Those popes who bear the name, "Pius," are the greatest guardians of the Church against heresy. This blog is a watchdog for modernism in the Church. In reality, outside this blog, the members of the board temper their criticisms and opinions with prudence and charity so as to help souls in their journey towards Christ. But sometimes, for the sake of their own sanity, the authors of this blog just need to blow off some steam. The result is Totus Pius.

24 July 2006

Website of the Week VII

In our attempts to help a friend we were looking up online apologetics sites and came across this one: catholicapologetics.org.

While we haven't read through the entire (massive) site it appears to be a most excellent resource! It is a essentially an online book - but if you want you can download a PDF of the entire thing.

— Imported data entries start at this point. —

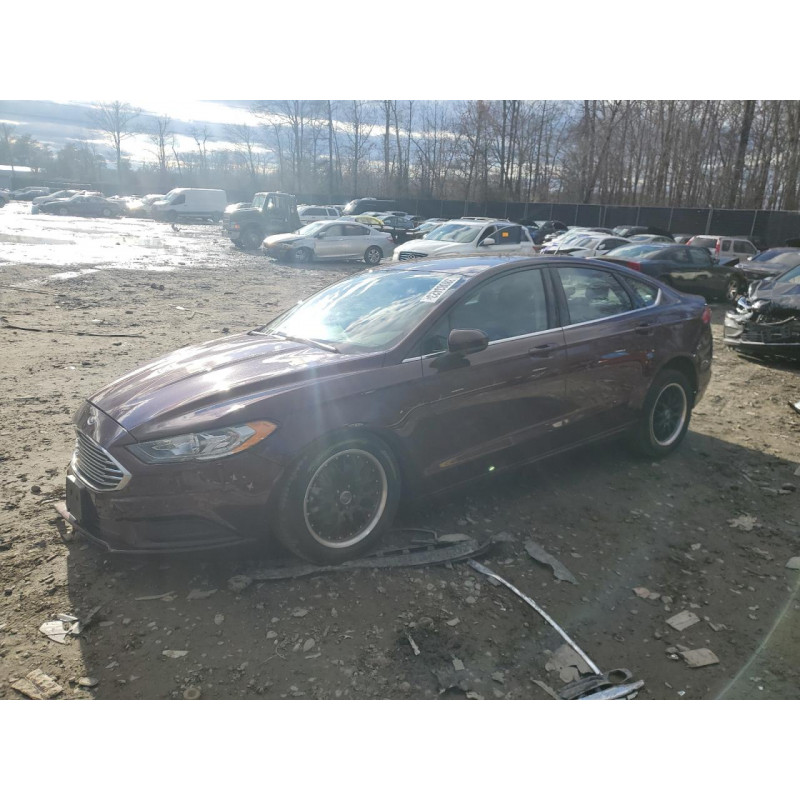 2018 FORD FUSION
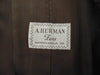 Vintage Racoon Fox Fur Stroller Coat - Copper Brown Tones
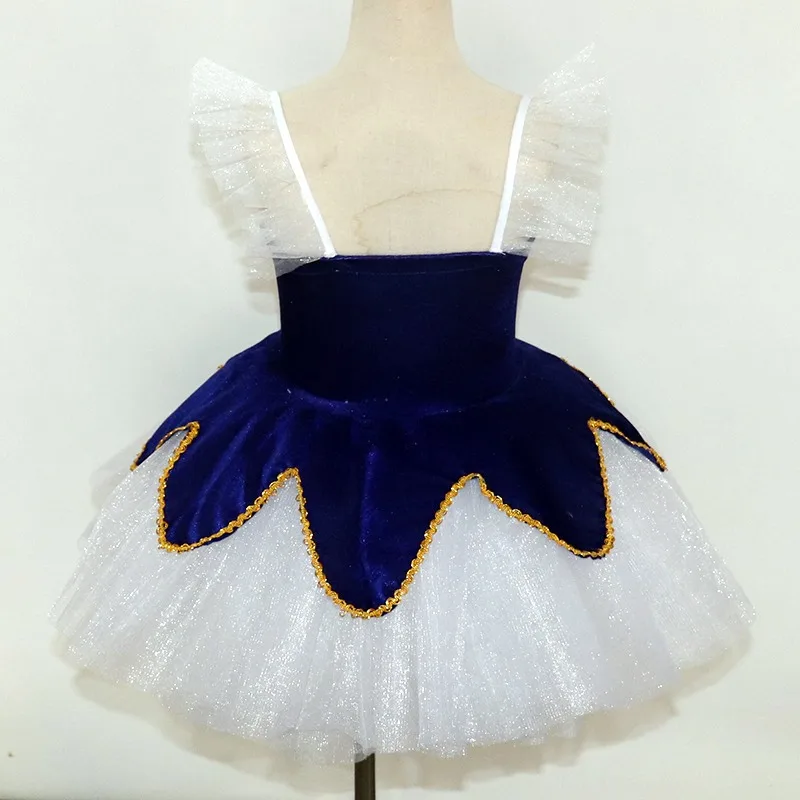 ชุดเดรสเด็กผู้หญิง ชุดกระโปรงบัลเลต์เด็ก ชุดกระโปรงผ้าโปร่งแบบใหม่ ชุดแสดงเต้นรำ ชุดเดรสเด็กผู้หญิง ชุดบัลเลต์ ชุดกระโปรงบัลเลต์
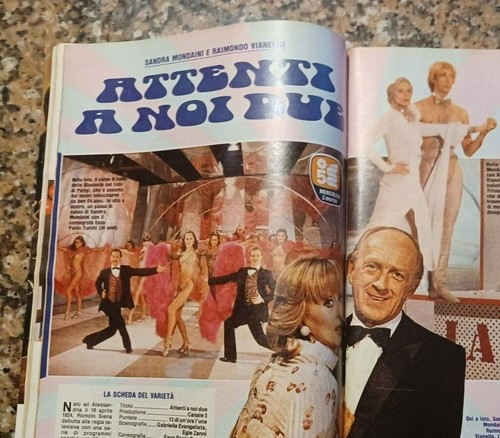 TV SORRISI E CANZONI N.9/10 1982-Ricchi e Poveri-Vianello-Mondaini-Lippi- - Photo 5 sur 9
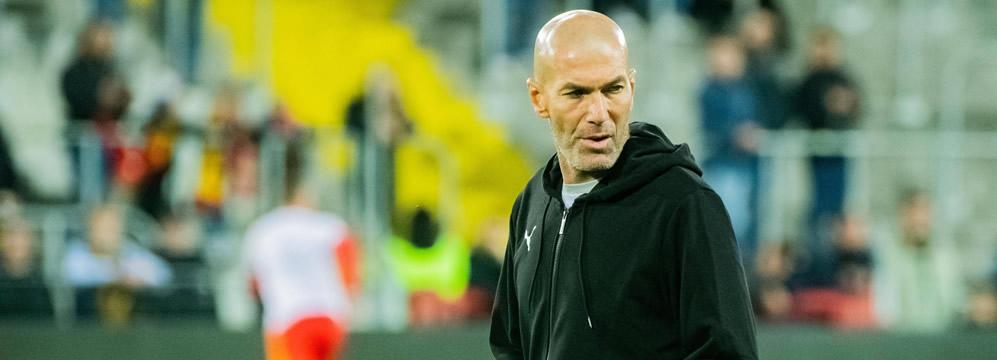 Zinedine Zidane 997 imago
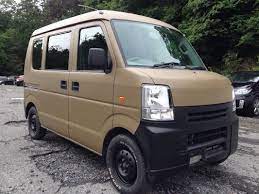 エブリィバンをサンドカーキで全塗装 刷毛 ハケ ローラーで車をdiyで全塗装しよう エブリィ エブリィ カスタム ラパン スズキ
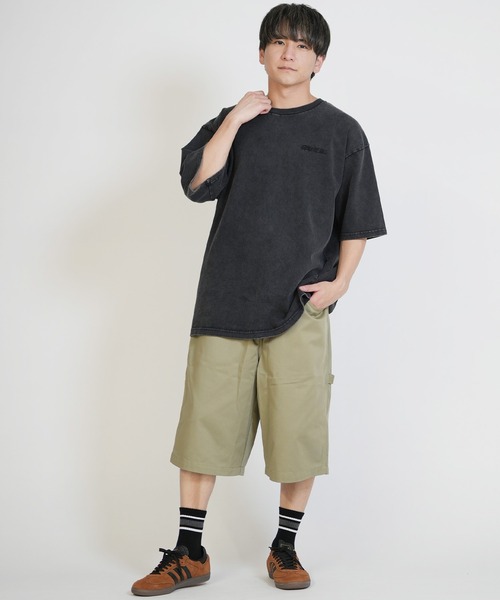 RVCA(ルーカ)の「RVCA/ルーカ 半袖 Tシャツ BG041201(Tシャツ/カットソー・メンズ・ブラック/ホワイト/カーキオリーブ・M/S/L)」の14枚目の写真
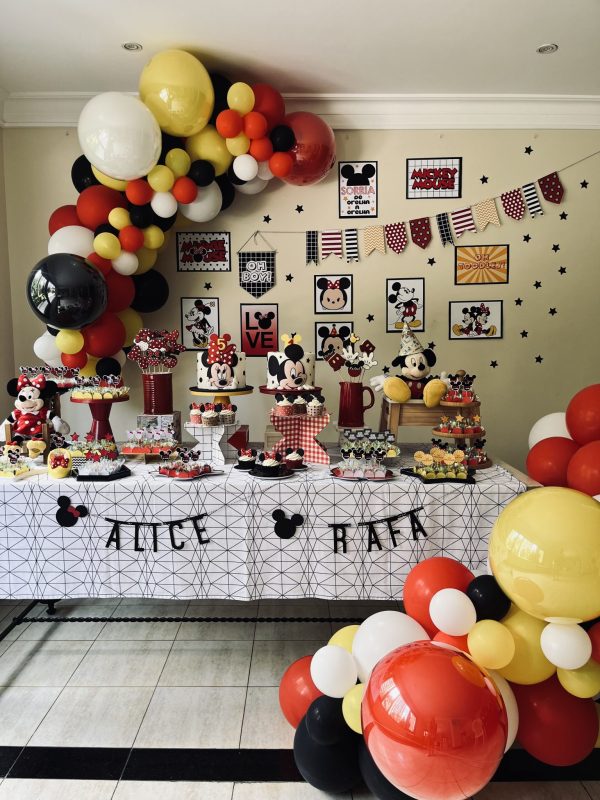 Festa Mickey e Minnie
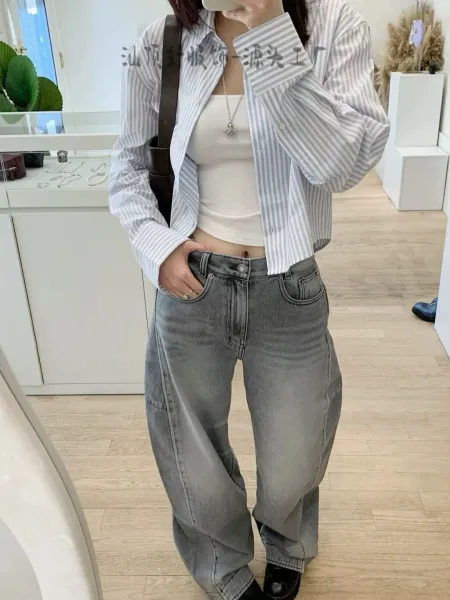 Acne Studios Stockholm 1996 Striped Shirt - 3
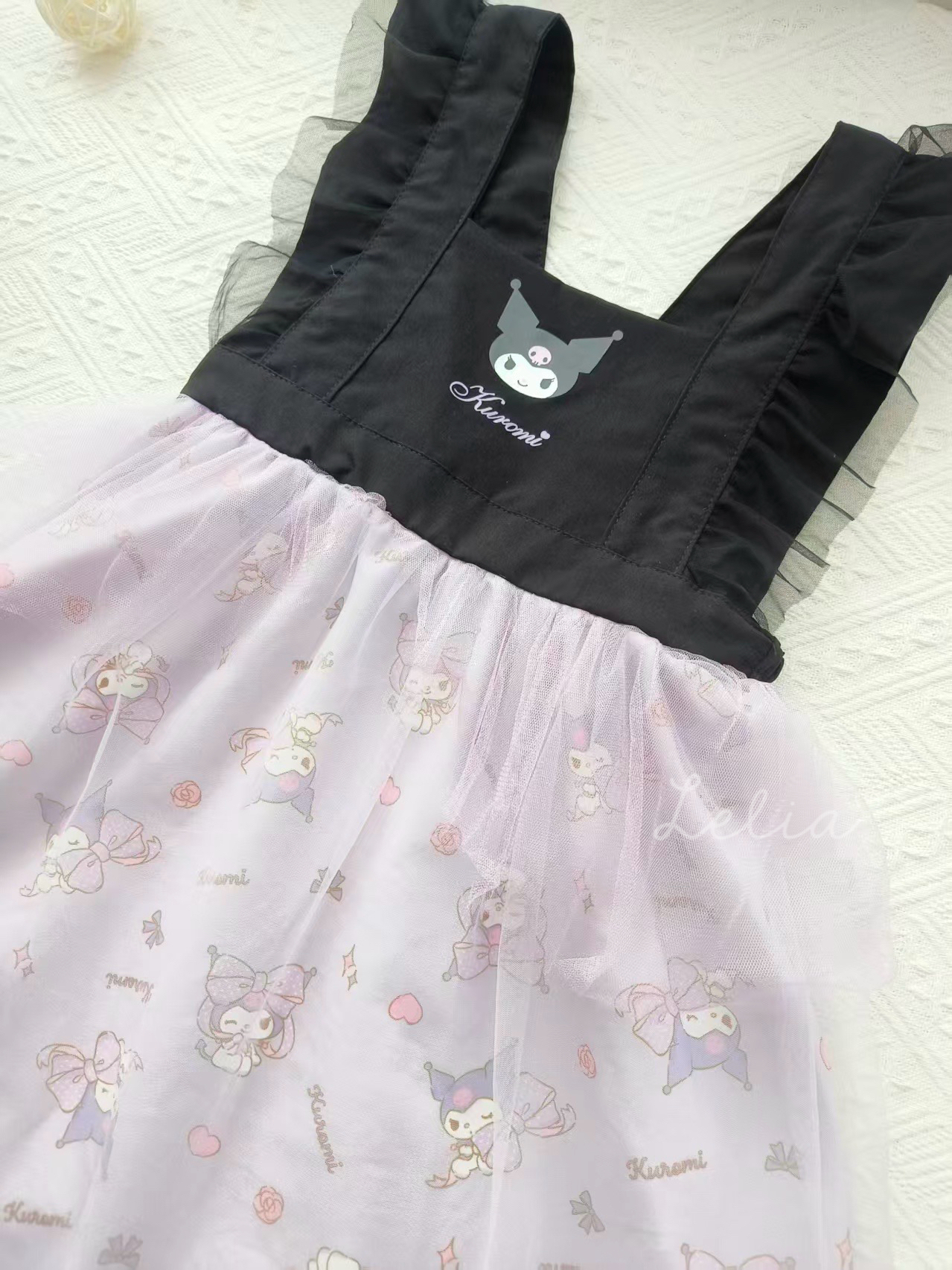 ▫️現貨▫️Sanrio 背帶連身裙Melody/Kuromi/玉桂狗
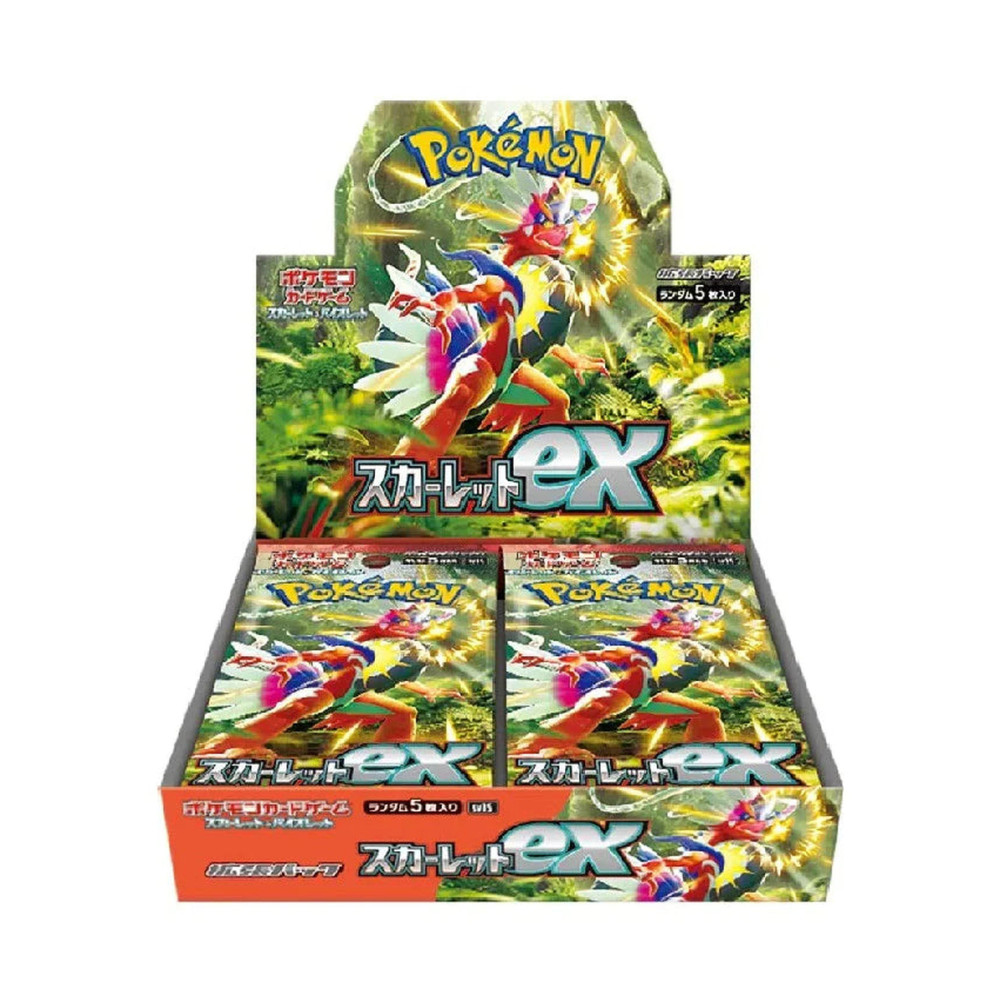 Scarlet ex sv1s Display Japanisch | Kartenlabor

The site is put together by Paul Flanagan and Robert Schihl, whose profiles are rather impressive.

Their intro reads:

This book surveys the origin and development of Roman Catholic Christianity from the period of the apostolic church, through the post-apostolic church and into the conciliar movement. Principal attention is paid to the biblical basis of both doctrine and dogma as well as the role of paradosis (i.e. handing on the truth) in the history of the Church. Particular attention is also paid to the hierarchical founding and succession of leadership throughout the centuries.

This is a set of lecture notes used since 1985 to teach the basis for key doctrines and dogmas of the Roman Catholic Church. The objectives of the course were, and are:

  • To present the biblical basis for the origin and development of the Roman Catholic Church.
  • To present the development of the canon of Scripture and evolution of biblical teaching in the Church.
  • To understand the role of paradosis/tradition in the oral transmission of revelation.
  • To study the Council of Jerusalem, described in the 15th chapter of The Acts of the Apostles and its role in the development of doctrine in the conciliar movement in the Church.
  • To understand the revelation, doctrinal development and practice of the sacramental life in the history of the Church.
  • To study the role of the Holy Spirit as teaching authority in the Church.
  • To study the revelation and development of hierarchical authority in the Church.
  • To understand the hierarchy of truths in the Church as well as the role of private devotion and personal growth in holiness.

Browse through it, use it, we hope it helps!